Answer
The solution on the interval $[0,2\pi )$, correct to four decimal places is $2.2370$ or $4.0462$.
Work Step by Step
For a standard quadratic equation of the form $a{{x}^{2}}+bx+c=0$, the solution is:
$x=\frac{-b\pm \sqrt{{{b}^{2}}-4ac}}{2a}$
Replace $x\text{ by }\cos x\text{ }$ in the above formula to obtain the given equation in $\cos x$.
Then, the solution of the equation is:
$\begin{align}
& \cos x=\frac{-\left( -1 \right)\pm \sqrt{{{\left( -1 \right)}^{2}}-4\times 1\times -1}}{2\times 1} \\
& =\frac{1\pm \sqrt{1+4}}{2} \\
& =\frac{1\pm \sqrt{5}}{2}
\end{align}$
This implies that,
$\begin{align}
& \cos x=\frac{1-\sqrt{5}}{2} \\
& =\frac{1-2.23607}{2} \\
& \approx -0.6180
\end{align}$
Or,
$\begin{align}
& \cos x=\frac{1+\sqrt{5}}{2} \\
& =\frac{1+2.23607}{2} \\
& \approx 1.6180
\end{align}$
We know that $\operatorname{cosine}$ of any number lies only in the interval $\left[ -1,1 \right]$.
Thus, $\cos x\ne 1.6180$ and it is not the solution.
The only solution is:
$\begin{align}
& \cos x\approx -0.6180 \\
& x\approx {{\cos }^{-1}}\left( -0.6180 \right)
\end{align}$
Now, to calculate the equation with the help of a calculator, we use radian mode:
$\theta ={{\cos }^{-1}}\left( 0.6180 \right)\approx 0.9046$
Since, the cosine value is negative in II and III quadrants:
$x\approx \pi -0.9046$
It is known that the value of $\pi $ is $3.14159$.

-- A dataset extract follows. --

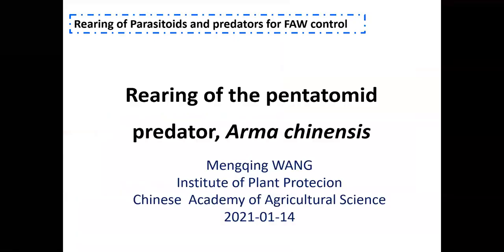I'd now like to introduce our last speaker, Ming-Ching Wong from the Institute of Plant Protection, Chinese Academy of Agricultural Sciences. Dr. Wong works at the USDA ARS Sino-American Biological Control Laboratory and is presenting on rearing of the pentatomid predator Arma chinensis.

Thus, the value of $x$ is:
$\begin{align}
& x=\pi -0.9046 \\
& =3.14159-0.9046 \\
& \approx 2.2370
\end{align}$
Or,
$x\approx \pi +0.9046$
The value of $\pi $ is $3.14159$.
Thus, the value of $x$ is:
$\begin{align}
& x=\pi +0.9046 \\
& =3.14159+0.9046 \\
& \approx 4.0462
\end{align}$
Therefore, the solution of the equation ${{\cos }^{2}}x-\cos x-1=0$ on the interval $[0,2\pi )$, correct to four decimal places is $2.2370$ or $4.0462$.